Milioner celowo niszczył wały przeciwpowodziowe? Padły mocne słowa
Prokuratura w Jeleniej Gorze wszczęła śledztwo w sprawie nagrania i doniesień mieszkańców, które pojawiły się w związku z ośrodkiem wypoczynkowym w Cieplicach. Jak twierdzą internauci, za sprawą działania pracowników resortu doszło do przerwania wałów przeciwpowodziowych. Znany w sieci milioner przerwał milczenie, powiedział wprost.
Kontrowersyjne nagranie z ośrodka w Cieplicach
Dolny Śląsk zmaga się z katastrofalnymi skutkami wielkiej wody , która dotarła m.in. do Jeleniej Góry. W obliczu ogromnych zniszczeń i zagrożenia dla życia mieszkańców, wiele internautów jest oburzonych nagraniem, na którym rzekomo widnieje niszczenie wałów przeciwpowodziowych . Prokuratura w Jeleniej Górze wszczęła śledztwo w sprawie.
ZOBACZ TAKŻE: PKO BP wydało ważny komunikat, zacznie się od 23 września. Kluczowe wieści dla powodzian
Prokuratura wszczęła śledztwo w sprawie rzekomego zniszczenia wałów. Milioner odpowiada
Mieszkańcy Jeleniej Góry twierdzą, że pracownicy Holiday Park&Resort Uzdrowisko Cieplice Zdrój usuwali za pomocą koparki ziemię tak, aby nie doszło do zalania obiektu, niszcząc przy tym wały przeciwpowodziowe. W związku z tymi doniesieniami zajęła się prokuratura w Jeleniej Górze.
Ze względu na rangę sprawy śledztwo zostało przekazane prokuraturze okręgowej. Zabezpieczane są nagrania, przesłuchujemy świadków, aby ustalić faktyczny przebieg tego zdarzenia – powiedziała prokurator Ewa Węglarowicz-Markowska, cytowana przez Fakt.
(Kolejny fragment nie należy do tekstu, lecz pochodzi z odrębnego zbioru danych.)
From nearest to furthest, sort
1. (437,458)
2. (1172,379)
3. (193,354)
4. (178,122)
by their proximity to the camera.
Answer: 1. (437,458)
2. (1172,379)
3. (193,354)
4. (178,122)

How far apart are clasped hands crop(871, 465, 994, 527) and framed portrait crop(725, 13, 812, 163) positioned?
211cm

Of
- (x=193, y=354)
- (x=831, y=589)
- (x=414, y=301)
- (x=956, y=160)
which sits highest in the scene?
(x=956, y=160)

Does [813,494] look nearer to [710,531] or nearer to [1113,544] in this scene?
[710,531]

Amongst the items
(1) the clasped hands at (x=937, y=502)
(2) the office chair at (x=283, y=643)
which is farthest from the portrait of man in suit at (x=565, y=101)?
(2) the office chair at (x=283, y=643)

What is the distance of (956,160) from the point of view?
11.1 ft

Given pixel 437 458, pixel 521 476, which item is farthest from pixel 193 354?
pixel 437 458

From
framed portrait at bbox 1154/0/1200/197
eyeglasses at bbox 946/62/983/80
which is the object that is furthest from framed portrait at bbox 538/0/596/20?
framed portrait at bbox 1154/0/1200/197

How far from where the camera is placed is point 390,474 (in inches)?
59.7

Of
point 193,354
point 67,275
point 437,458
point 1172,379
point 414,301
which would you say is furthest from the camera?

Prokuratura już w ciągu dwóch dni stwierdziła, że doszło do przerwania wałów poprzez wykopanie przepustu. W tym czasie milczenie przerwał właściciel spółki, która posiada obiekt.
ZOBACZ: Niezwykły film z Kłodzka. Nagranie z dziewczynką wzrusza do łez
Zniszczenie wałów przeciwpowodziowych w Cieplicach. Milioner przerywa milczenie
Piotr Śledź, właściciel spółki, która posiada ośrodek w Cieplicach, odpowiedział na zarzuty dotyczące przerwania wałów przeciwpowodziowych przez pracowników obiektu.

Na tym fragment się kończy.